Continuous sign language recognition (cSLR) aims at converting a sign language video into a gloss sequence. The challenge lies in the lack of explicit boundaries in videos for various glosses, which is a weakly supervised sequence labeling problem [10,26]. Deep learning advances cSLR by focusing on spatial representation and temporal modeling of videos. TWo-dimensional convolutional neural networks (2D-CNNs) are employed for perceiving the static information in video frames. Several state-of-the-art pre-trained CNNs, such as VGGs [27], ResNets [28], and EfficientNets [29] are introduced in cSLR, which strengthens the recognition and understanding of frame semantics [30,31,32]. Cui et al. integrate the 2D-CNN with temporal convolution to learning the spatial–temporal information [3]. Similarly, Cheng et al. propose a fully convolutional network (FCN) for cSLR that extracts frame features and models the feature sequence with 1D-CNN [12]. Furthermore, to comprehend movement information, 3D-CNNs are utilized to learn motion characteristics, providing a more comprehensive understanding of dynamic actions in sign language videos [33,34].
Sequence modeling in cSLR is to learn the mapping between sign language videos and gloss sequences. The hidden Markov model (HMM) was adopted in earlier research to predict the glosses through state transitions. Koller et al. adopted HMM in combination with CNNs to achieve sign language recognition [4,19]. With the emergence of recurrent neural networks, improved models such as LSTM and GRU, more suitable for sequence processing, were applied to this task. Cui et al. introduced the bi-directional LSTM to model the sign sequences [3]. In addition, as the input video sequence is considerably longer than the corresponding glosses, the connectionist temporal classification (CTC) [35] approach was adopted for sequence alignment. Recent studies demonstrated that CTC effectively aligns unsegmented data by dynamically adjusting to varying sequence lengths, making it a powerful solution for handling lengthy and complex video sequences [13,36].
There exist some endeavors aimed at enhancing the performance. Xie et al. designed a position-aware temporal convolution to capture local consistent semantics within temporally neighboring frames [9]. This method addresses the issue of CNNs being agnostic to similarity or dissimilarity.

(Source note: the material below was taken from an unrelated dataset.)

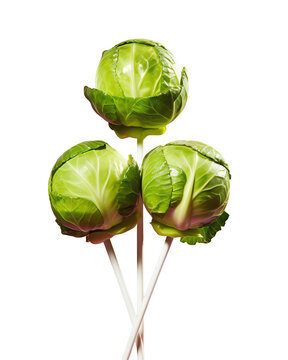 Naklejki Isolated Brussels Sprouts Lollipops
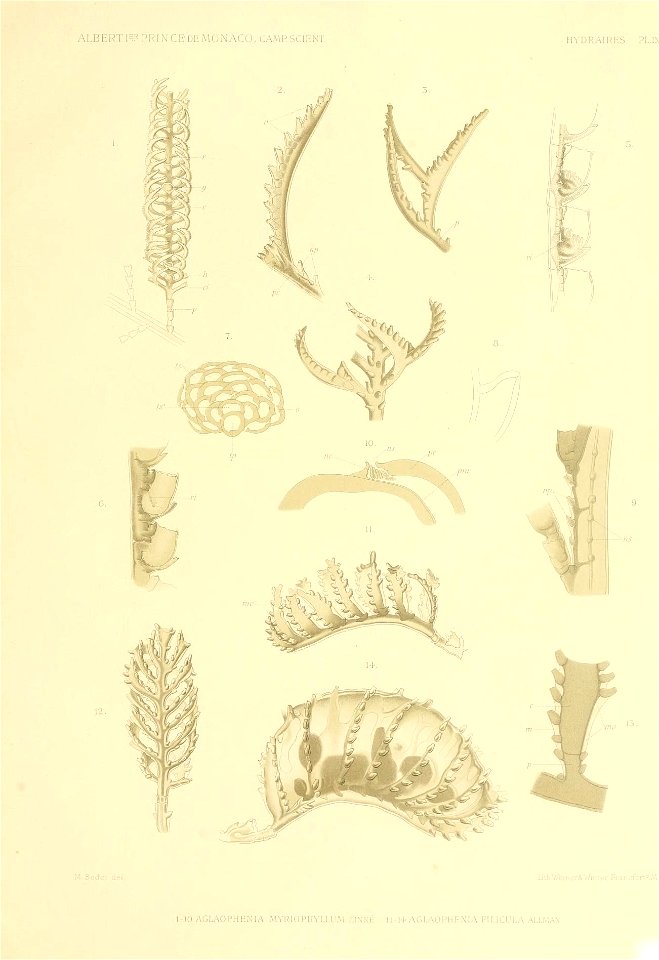 n104_w1150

Zhou et al. proposed a spatial–temporal multi-cue (STMC) network to learn implicit visual grammars underlying the collaboration of different visual cues [7]. Cui et al. introduced the iterative training that uses the alignment proposal generated by recognition model as strong supervisory inference to tune the feature extraction module [37]. Additionally, the research applied RGB images and optical flow to capture both appearance and motion information, achieving competitive performance.

2.2. Feature Fusion

Incorporating multi-scale features is crucial for boosting performance in various tasks [38,39]. In the CNN backbone networks, recent studies generally agree that lower-level features possess higher resolution and more detailed information, yet due to the limited number of convolutional layers, they contain less semantic information and more noise. Conversely, the higher-level features exhibit the opposite characteristics. The module in the Inception network consists of four parallel branches: 1 × 1 convolution, 3 × 3 convolution, 5 × 5 convolution, and 3 × 3 max pooling [40]. The output feature maps of the branches are concatenated along the channel dimension, combining information from multiple scales to enhance feature representation. Similarly, U-Net [41] and the feature pyramid networks (FPN) [42] approach involve pooling or upsampling features at various scales before prediction.
There is a paucity of research on the issue of multi-scale feature fusion in continuous sign language recognition, despite its fundamental importance in sign language video understanding. There are still some studies that employ multi-modal data for feature fusion. Cui et al. took RGB image and optical flow for hand regions as input to combine the appearance and motion information. The authors summed the two stream outputs generated by CNN modules for fusion [37]. On the other hand, a spatial multi-cue module in STMC was specifically designed for spatial representation and employs a self-contained pose estimation branch to explicitly decompose the visual features of different cues [7]. This approach also models and fuses each cue using sequence modeling, enriching the spatio-temporal information. The results demonstrate the benefits of feature fusion in learning sign language semantics. However, it is worth noting that current methods still have certain limitations. First, acquiring optical flow data can be challenging, and their accuracy is difficult to determine due to their sensitivity to noise [43,44]. Second, the STMC method relies on a pose estimator for keypoint detection. However, in practice, it can be difficult to accurately detect keypoints in motion images, which can lead to errors [45,46]. Therefore, it is necessary to explore more concise and reliable methods to address these issues.
Based on previous research, we propose a spatial feature extraction module for multi-scale feature fusion. This module uses a Transformer encoder to process feature maps of different receptive fields and concatenate them, effectively combining low-level details with high-level semantic information. This not only enhances the model’s ability to capture fine-grained features but also improves its understanding of complex semantic structures. This approach avoids the need for additional data and modules and enables end-to-end training.

3. Methodology

3.1. Overall Model Architecture

Formally, the proposed model aims to understand a sign language video containing many glosses and learn a mapping R : V G that recognizes the input video frame sequence V as a gloss sequence G. The overall model framework is shown in Figure 2. Given a video, a multi-layer convolutional network first extracts spatial features from each frame and generates various feature maps with diverse receptive fields. Then, a fusion module transforms each feature map to feature vector and concatenates all the multi-scaled features. Next, the sequence composed of fused features is learned by temporal module. Finally, the CTC decoder is used to align the sequence for model training and inference.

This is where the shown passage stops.